An ethos of collaboration started to take hold across services at CHUV. In a dialysis unit grappling with high staff turnover and patient frustration, teams recognized that an unspoken culture or mistaken beliefs about the concept of professionalism penalized professionals for seeking help. Nurses who were having trouble inserting a needle and wanted to pass the task to a colleague worried that they might be judged incompetent — so they self-censored instead of asking for assistance. By reframing the handoff as an act of collaborative care rather than a sign of weakness, staff members reduced tension and improved patient trust.
These are small but profound shifts. They demonstrate how inviting front-line staff members to reimagine service delivery can yield tangible and lasting improvements and eventually reduce conflicts with patients and their relatives. To date, more than 200 professionals have completed the joint program. They have developed more than 20 improvement projects and now report higher job satisfaction, confidence, and motivation.
Three Steps For Using Customer Feedback Better
The collaboration between CHUV and EHL suggests that learning from other industries and listening to customers can re-anchor an organization in empathy and shared purpose. And the stakes for this type of analysis and innovation have never been higher. In the medical field in Switzerland alone, 34% of medical students said they considered leaving the field after their first internship. Burnout, loss of meaning, and relentless administrative pressure are pushing health care professionals out of the field worldwide. But professionals across all industries are feeling a similar weight from burnout.
Here are three steps any organization can take to realize the advantages of customer feedback.
1. Treat complaints as assets, not noise. Stop dismissing grievances as distractions. Integrate the perspectives of customers and professionals in a systematic way. Because they directly experience situations as participants, these actors detect dysfunctions that traditional quality-monitoring tools may overlook. Listen to them through voluntary interviews — for example, in a mediation center or the office of the organization’s chief experience officer — to collect the lived experiences that reveal real needs and expectations. Look for patterns that may indicate cross-department friction — something surveys are unlikely to surface. Link each issue to a process, and prioritize fixes that will have an outsize impact. This approach may require a cultural shift: Criticism or complaints should not be interpreted as signs of individual weakness but as opportunities to identify areas for enhancing quality and even safety.

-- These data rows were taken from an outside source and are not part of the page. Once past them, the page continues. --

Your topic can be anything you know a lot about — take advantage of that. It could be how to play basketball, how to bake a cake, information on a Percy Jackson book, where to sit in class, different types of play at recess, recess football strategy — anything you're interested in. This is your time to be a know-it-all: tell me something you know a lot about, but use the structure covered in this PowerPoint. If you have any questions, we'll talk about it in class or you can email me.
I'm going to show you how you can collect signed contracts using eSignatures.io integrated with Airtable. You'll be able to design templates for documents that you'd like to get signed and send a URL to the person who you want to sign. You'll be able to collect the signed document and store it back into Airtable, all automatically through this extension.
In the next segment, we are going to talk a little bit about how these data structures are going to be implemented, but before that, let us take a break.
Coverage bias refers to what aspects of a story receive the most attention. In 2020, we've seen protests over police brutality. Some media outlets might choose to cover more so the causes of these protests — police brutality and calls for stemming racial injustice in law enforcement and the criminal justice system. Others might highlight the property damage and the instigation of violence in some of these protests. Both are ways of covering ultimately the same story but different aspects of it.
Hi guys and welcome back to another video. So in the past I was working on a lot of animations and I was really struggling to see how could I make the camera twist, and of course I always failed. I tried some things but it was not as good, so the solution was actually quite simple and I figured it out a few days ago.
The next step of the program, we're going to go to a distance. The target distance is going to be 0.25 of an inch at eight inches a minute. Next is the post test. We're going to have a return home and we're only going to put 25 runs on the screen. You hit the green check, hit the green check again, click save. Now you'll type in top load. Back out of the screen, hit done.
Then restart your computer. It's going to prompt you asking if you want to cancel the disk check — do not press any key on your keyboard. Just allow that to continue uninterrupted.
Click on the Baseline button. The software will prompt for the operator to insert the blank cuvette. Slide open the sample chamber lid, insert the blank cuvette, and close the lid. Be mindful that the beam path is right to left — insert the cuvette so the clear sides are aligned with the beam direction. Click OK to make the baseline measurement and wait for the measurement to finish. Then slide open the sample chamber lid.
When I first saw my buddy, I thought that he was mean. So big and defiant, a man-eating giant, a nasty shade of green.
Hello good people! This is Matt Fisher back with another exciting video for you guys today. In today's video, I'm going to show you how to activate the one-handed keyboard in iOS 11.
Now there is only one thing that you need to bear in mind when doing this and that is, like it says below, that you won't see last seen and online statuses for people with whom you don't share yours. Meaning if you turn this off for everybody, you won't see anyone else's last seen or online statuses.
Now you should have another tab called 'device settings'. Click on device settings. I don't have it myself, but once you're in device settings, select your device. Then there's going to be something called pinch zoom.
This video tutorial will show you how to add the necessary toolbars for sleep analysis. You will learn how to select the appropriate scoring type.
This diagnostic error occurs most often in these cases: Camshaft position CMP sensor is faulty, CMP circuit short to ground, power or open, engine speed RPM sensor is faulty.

2. Redesign processes with customers, not for them. Codevelop initiatives based on expressed dissatisfaction. Using oral accounts from customers and professionals to design joint improvement projects creates genuine opportunities for collaboration, so invite customers into solution workshops. Encourage front-line teams to run small experiments, and double down on what works. Make feedback the engine of continuous improvement rather than the end point of a complaint.
3. Borrow expertise from other industries. Work with sectors known for service excellence — such as hospitality — to sharpen service design and communication, and to find better ways to manage uncertainty. Provide teams with short, targeted upskilling sessions that give them practical tools for solving problems creatively. Dedicate time for employee learning and training: Prioritizing teaching and brainstorming can enhance both trust with customers and staff morale.
This process for addressing customer complaints is not about bringing five-star hotel amenities to organizational offerings. Instead, it’s about adopting the mindset that every interaction is an opportunity to build goodwill and reduce uncertainty. When complaints are treated as early warnings rather than irritations, they reveal systemic friction that customers feel but companies often don’t see.
This is a lesson that any organization can apply. Customers’ frustrations are not simply a “cost of doing business.” They are blueprints for building something better. Treat them that way.